■ **Work request**
Write down the lines exactly as they appear, from the one that contains "vidaXL Wall Mirror" through the final line of the records, so that both ends are kept and no pictures come along.

■ **Data extracts**

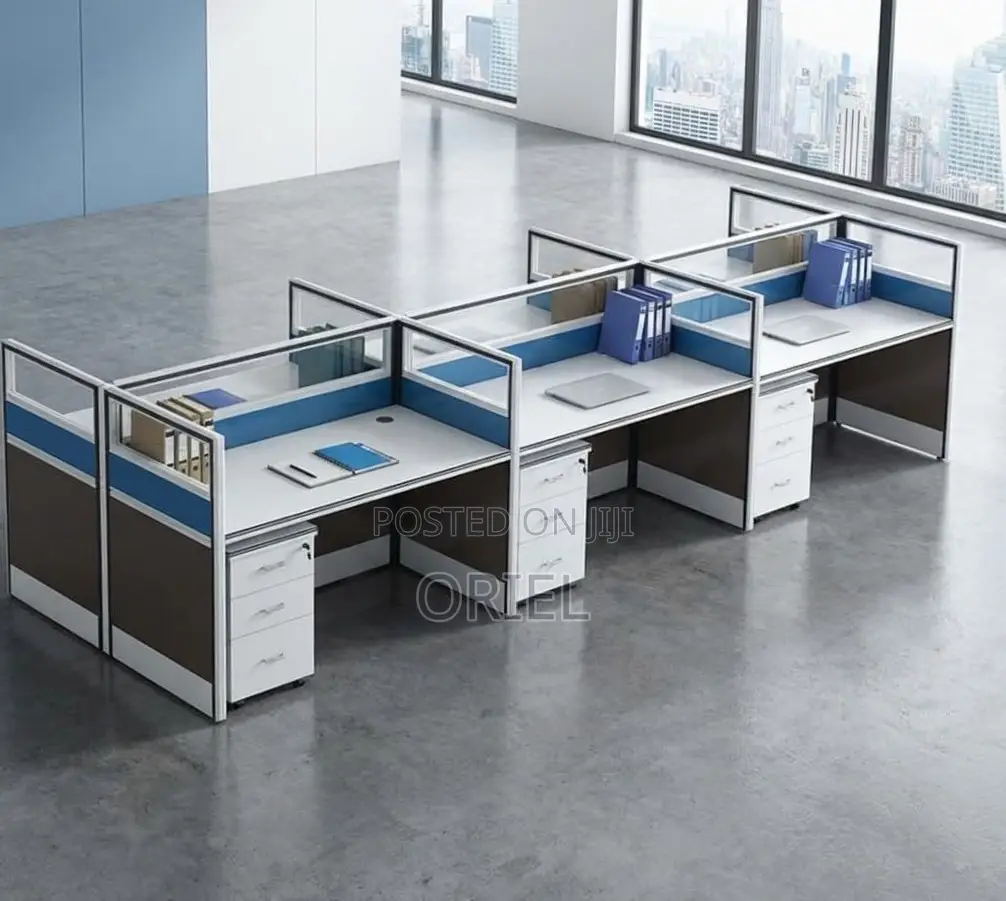 Offfice Workstation : 6 Way Office Workstation With Mobile Pedestals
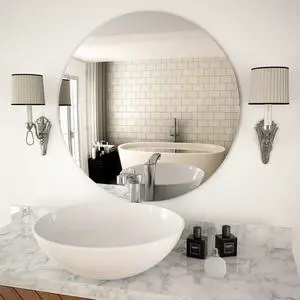 vidaXL Wall Mirror Transparent Glass 27.6 in diameter Wall mounting
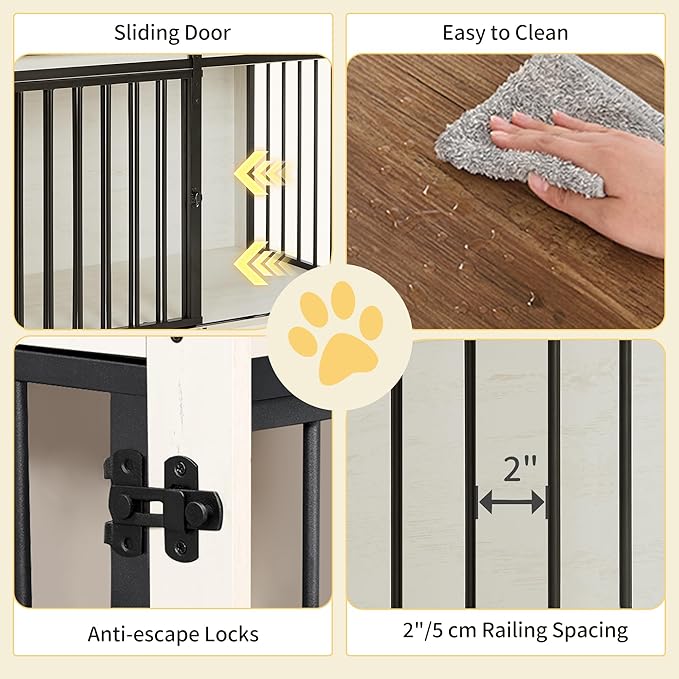39.4" Heavy Duty Dog Crate Furniture with Barn Door, Wood Indoor Dog Crate Kennel for Small/Medium/Large Dogs, End Side Table, TV Stand, Anti-Chew Anti-Escape, White Brown DFC02314B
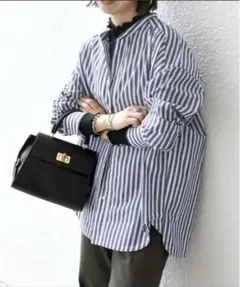 【美品】SHIPS any REPREVE バンドカラーシャツ 38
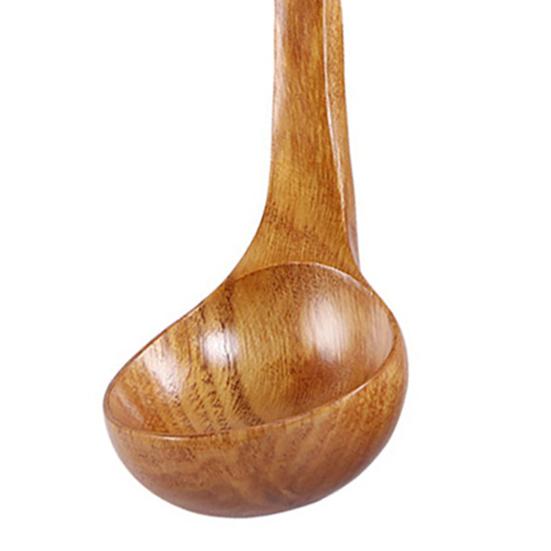 Японский половник для супа из массива дерева с длинной ручкой, ложка для хот-пота, кухонная кулинарная утварь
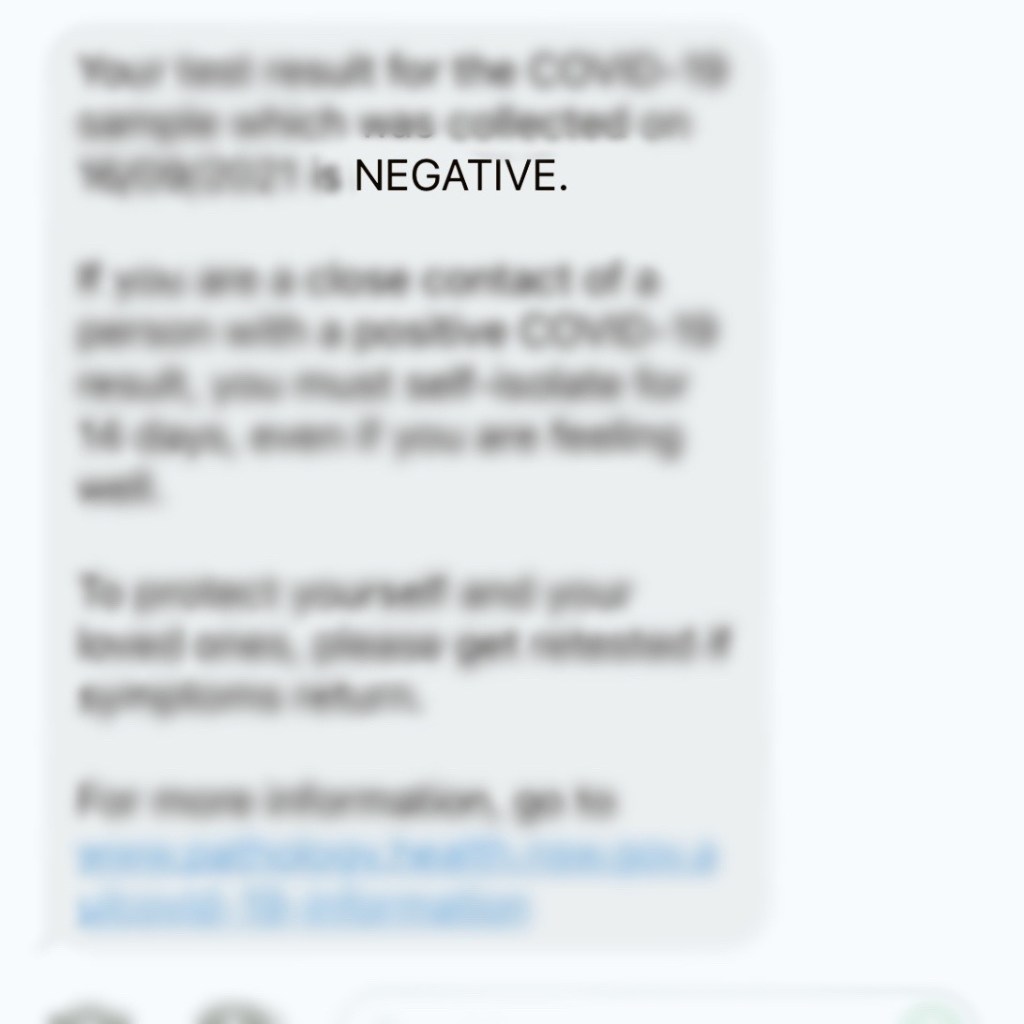 Text message showing negative COVID result.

■ **Task response**
 vidaXL Wall Mirror Transparent Glass 27.6 in diameter Wall mounting
39.4" Heavy Duty Dog Crate Furniture with Barn Door, Wood Indoor Dog Crate Kennel for Small/Medium/Large Dogs, End Side Table, TV Stand, Anti-Chew Anti-Escape, White Brown DFC02314B
 【美品】SHIPS any REPREVE バンドカラーシャツ 38
 Японский половник для супа из массива дерева с длинной ручкой, ложка для хот-пота, кухонная кулинарная утварь
 Text message showing negative COVID result.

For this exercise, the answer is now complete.